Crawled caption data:

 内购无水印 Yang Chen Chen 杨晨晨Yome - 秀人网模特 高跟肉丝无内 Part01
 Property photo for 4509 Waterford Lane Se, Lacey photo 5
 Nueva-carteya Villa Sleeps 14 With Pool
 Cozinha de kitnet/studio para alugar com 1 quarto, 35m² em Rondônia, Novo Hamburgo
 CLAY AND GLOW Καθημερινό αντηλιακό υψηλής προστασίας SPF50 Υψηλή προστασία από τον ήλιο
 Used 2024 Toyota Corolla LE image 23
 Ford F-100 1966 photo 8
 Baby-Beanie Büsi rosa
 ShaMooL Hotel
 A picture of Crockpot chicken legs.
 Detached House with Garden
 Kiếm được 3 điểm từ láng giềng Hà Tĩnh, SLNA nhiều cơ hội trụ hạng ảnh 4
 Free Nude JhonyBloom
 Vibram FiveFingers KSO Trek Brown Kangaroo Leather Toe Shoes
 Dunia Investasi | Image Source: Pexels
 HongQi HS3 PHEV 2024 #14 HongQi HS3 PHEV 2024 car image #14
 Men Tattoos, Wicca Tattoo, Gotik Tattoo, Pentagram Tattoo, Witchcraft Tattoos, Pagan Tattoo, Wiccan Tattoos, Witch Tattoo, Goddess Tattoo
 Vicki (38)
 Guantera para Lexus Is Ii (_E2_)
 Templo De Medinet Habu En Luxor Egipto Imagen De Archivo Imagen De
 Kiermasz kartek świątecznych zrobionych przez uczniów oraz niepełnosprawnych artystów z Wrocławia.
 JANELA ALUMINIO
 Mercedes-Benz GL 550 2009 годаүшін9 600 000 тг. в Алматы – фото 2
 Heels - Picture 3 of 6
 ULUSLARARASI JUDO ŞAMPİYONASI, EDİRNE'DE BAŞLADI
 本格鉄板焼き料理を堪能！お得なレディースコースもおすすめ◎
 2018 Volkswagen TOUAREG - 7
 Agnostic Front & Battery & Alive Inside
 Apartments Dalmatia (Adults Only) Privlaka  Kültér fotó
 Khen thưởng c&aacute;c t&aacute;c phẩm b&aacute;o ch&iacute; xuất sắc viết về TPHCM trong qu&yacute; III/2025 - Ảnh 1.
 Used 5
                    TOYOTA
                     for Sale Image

-- What the task requires --
Nothing but the lines from the one with "JANELA ALUMINIO" through the final line of the data above should be output, exactly as written.

-- Solution to the exercise --
 JANELA ALUMINIO
 Mercedes-Benz GL 550 2009 годаүшін9 600 000 тг. в Алматы – фото 2
 Heels - Picture 3 of 6
 ULUSLARARASI JUDO ŞAMPİYONASI, EDİRNE'DE BAŞLADI
 本格鉄板焼き料理を堪能！お得なレディースコースもおすすめ◎
 2018 Volkswagen TOUAREG - 7
 Agnostic Front & Battery & Alive Inside
 Apartments Dalmatia (Adults Only) Privlaka  Kültér fotó
 Khen thưởng c&aacute;c t&aacute;c phẩm b&aacute;o ch&iacute; xuất sắc viết về TPHCM trong qu&yacute; III/2025 - Ảnh 1.
 Used 5
                    TOYOTA
                     for Sale Image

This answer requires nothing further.